Er hat getötet. Und behauptet nicht, Teil eines Getriebes gewesen zu sein. Wie Don Cabana zum Henker wurde und einen Unschuldigen umbrachte. Und wie aus dem Henker Don Cabana ein Aktivist gegen die Todesstrafe wurde  ■ Von Andrea
Böhm

Es ist ein fröhliches Bankett, wenn man bedenkt, daß der Tod auf der Einladung steht. Das Lachsfilet schmeckt hervorragend, Cocktails von der Hotelbar haben die Stimmung hörbar gelockert. Hin und wieder schleichen sich Gäste von den hinteren Tischen an die Bühne des Ballsaals im Washingtoner „Marriott“-Hotel heran, um schnell ein Foto von den Stars des Abends zu knipsen: Bianca Jagger, die seit ihrer Scheidung von „Rolling Stones“-Sänger Mick eine höchst effektive Symbiose von Showbiz und politischem Engagement hergestellt hat, parliert angeregt mit Doug Robinson, einem Rechtsanwalt und exzellentem Strafverteidiger. Küßchen hier, Küßchen da, Blitzlichter – dann ein kurzes Raunen im Saal: Die Kellner servieren das Erdbeersorbet. Hier und da fällt ein Tropfen auf das Programmheft dieses Abends, auf dessen Titelblatt Worte aus dem Talmud stehen: „Wer ein einziges Leben zerstört, ist schuldig, als hätte er die ganze Welt zerstört; wer ein einziges Leben gerettet hat, verdient Anerkennung, als hätte er die ganze Welt gerettet.“

Bianca Jagger und Doug Robinson werden an diesem Abend von der „Nationalen Koalition zur Abschaffung der Todesstrafe“ dafür geehrt, das Leben von Guinivere Garcia und Federico Martinez Macias gerettet zu haben. Jagger hatte in einer großen Medienkampagne den Gouverneur des Bundesstaates Illinois dazu gebracht, Garcias Todesurteil kurz vor der Vollstreckung in eine lebenslange Freiheitsstrafe umzuwandeln. Sie war wegen Mordes an ihrem Mann, der sie jahrelang mißhandelt hatte, verurteilt worden. Robinson hatte wenige Stunden vor der Exekution von Martinez Macias in Texas einen Aufschub erreicht, um dann in mühsamster, unbezahlter Kleinarbeit eine Neuaufnahme des Verfahrens anzustrengen, in dem der Texaner schließlich freigesprochen wurde.

Es wird geklatscht, hier und da eine Träne zerdrückt, bevor man sich wieder den Tischnachbarn zuwendet, um eigene Anekdoten von Demonstrationen, Gefängnisbesuchen, Gnadenanhörungen oder Prozessen auszutauschen.
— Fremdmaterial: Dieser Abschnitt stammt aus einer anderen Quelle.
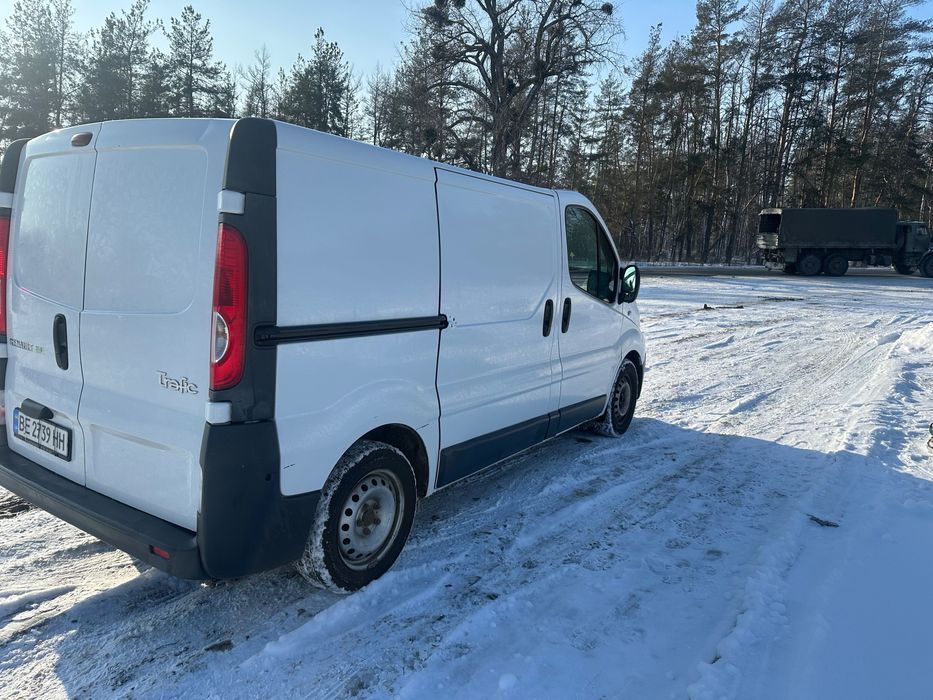 Рено трафік 2011 рік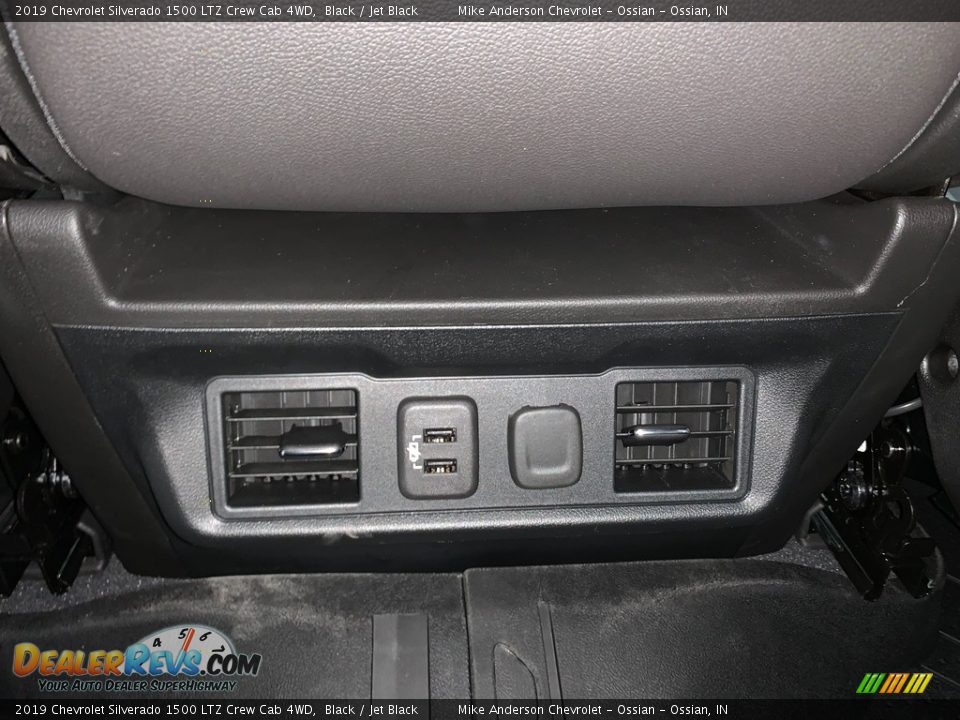 2019 Chevrolet Silverado 1500 LTZ Crew Cab 4WD Black / Jet Black Photo #28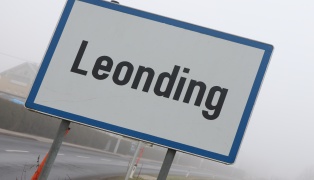 Mordversuch: Schwere Stichverletzung in einem Fl�chtlingsheim in Leonding bei Streit um drei M�dchen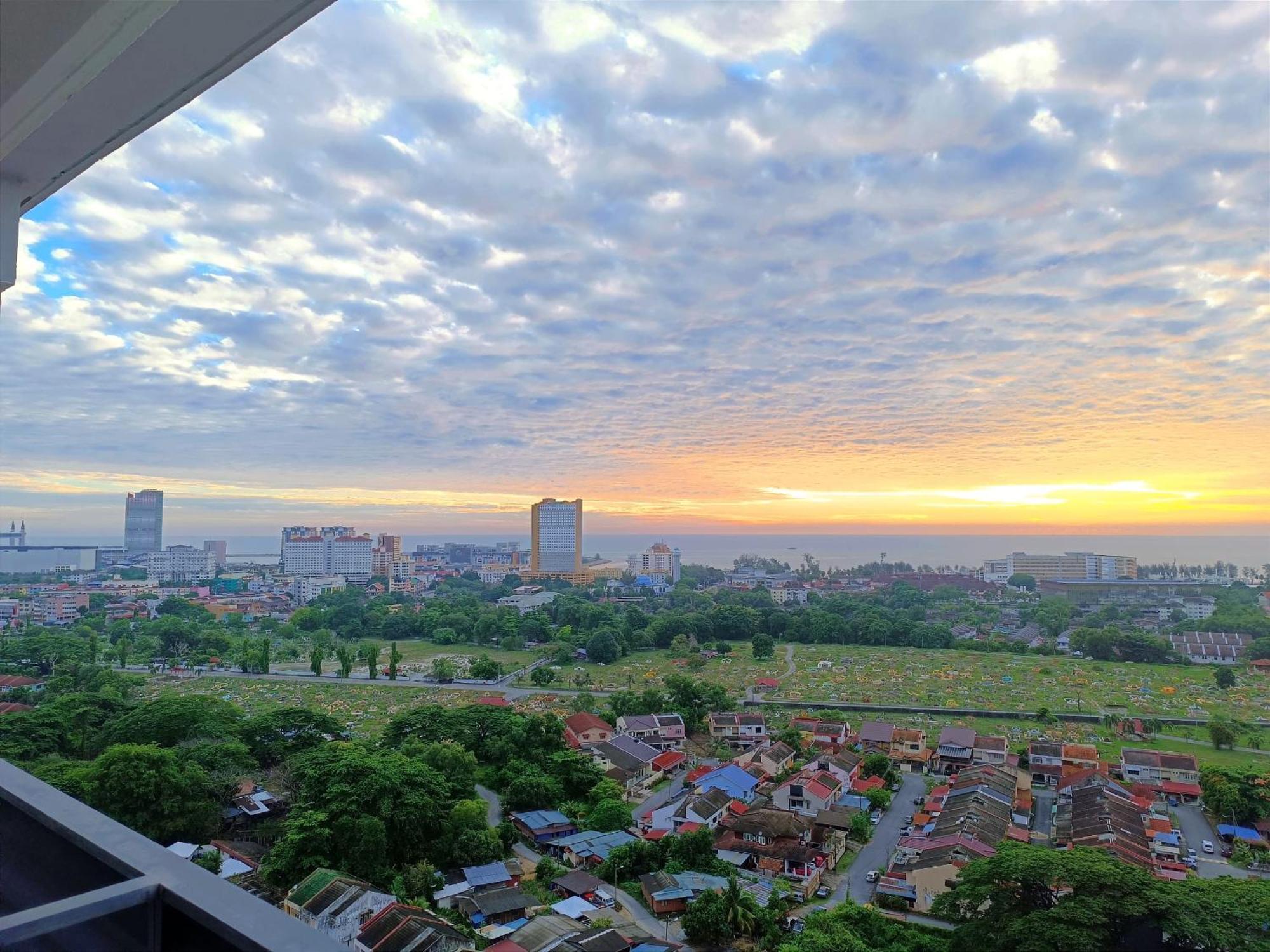 D'Luna Homestay Seaview I Sunrise View Kuala Terengganu Eksteriør billede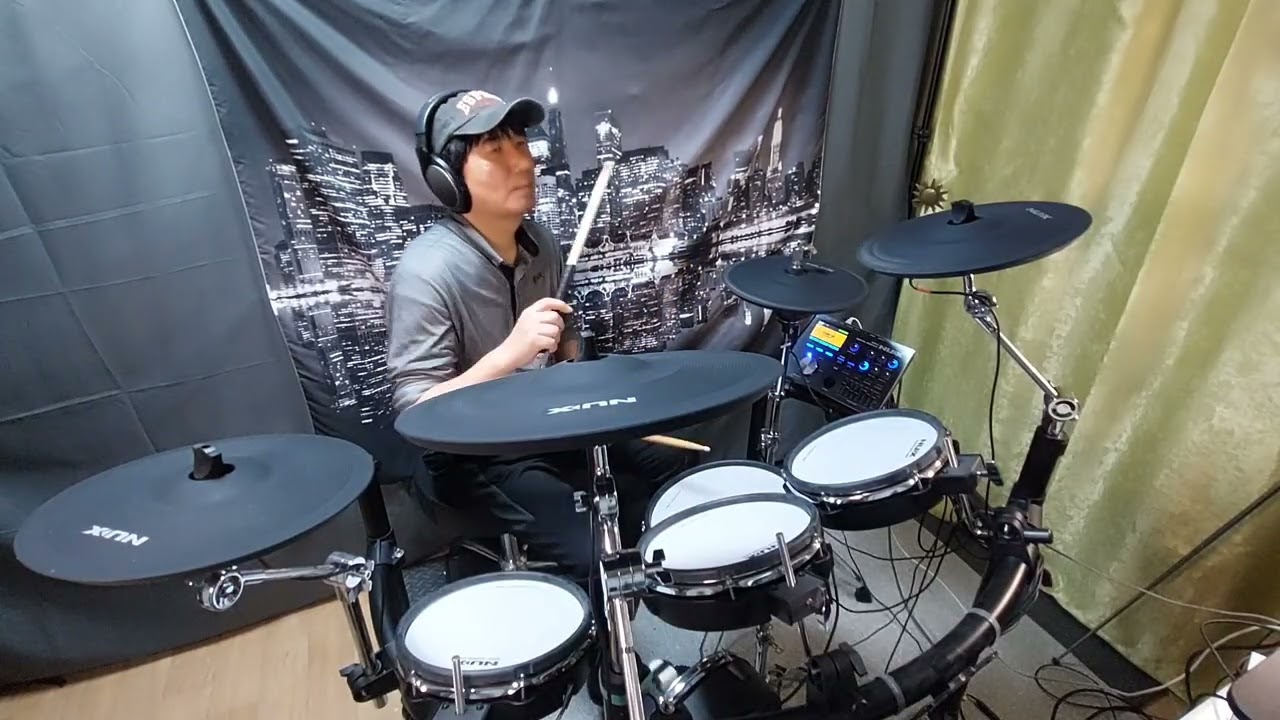 Dire Straits - Walk of Life(1986) - Drum Cover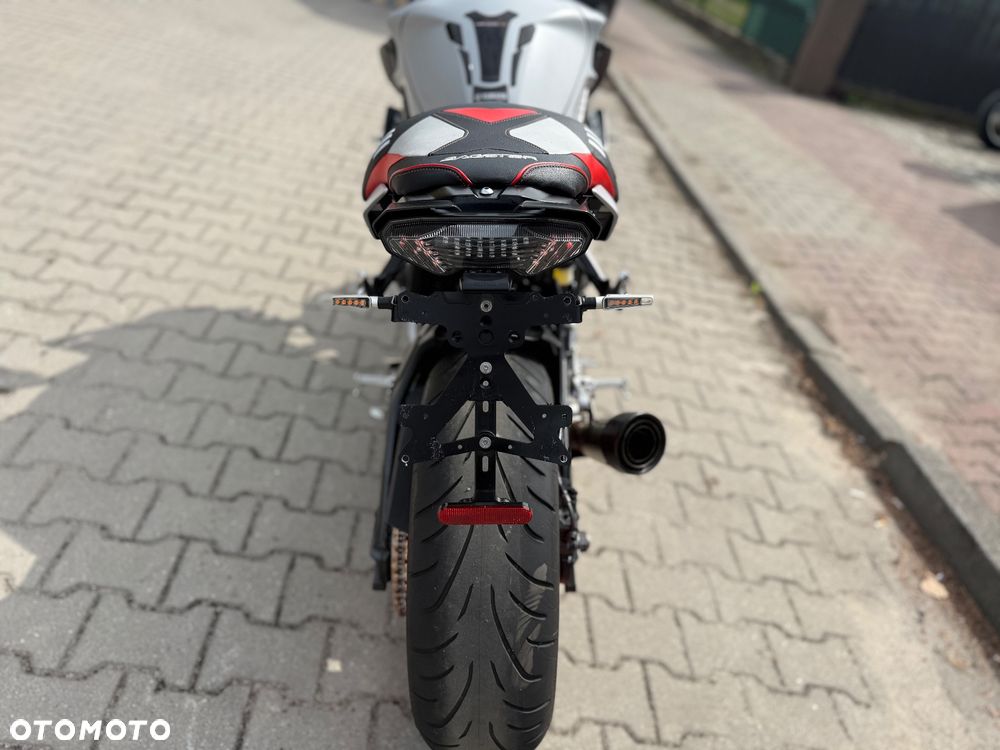 Yamaha MT - 18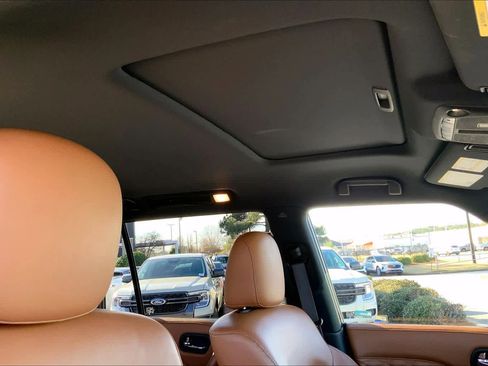 Used 2024 INFINITI QX80 Sensory w/ Cargo Package image 14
Ein Mennoniten-Ehepaar aus Pennsylvania; Kriminologiestudenten aus Florida; zwei Freundinnen und Mütter aus Delaware, deren einer Sohn ermordet wurde, und der andere im Todestrakt sitzt; Rabbiner, katholische Schwestern, methodistische Pfarrer, muslimische Sozialarbeiter. „Kennt ihr die Geschichte von dem Richter in Atlanta, der während des Verfahrens niemanden aus dem Saal auf die Toilette gehen ließ...“ Sie genießen, einen Ballsaal gefüllt zu haben und für ein paar Stunden zu vergessen, daß sie derzeit in ihrem Land einer ganz kleinen Minderheit angehören.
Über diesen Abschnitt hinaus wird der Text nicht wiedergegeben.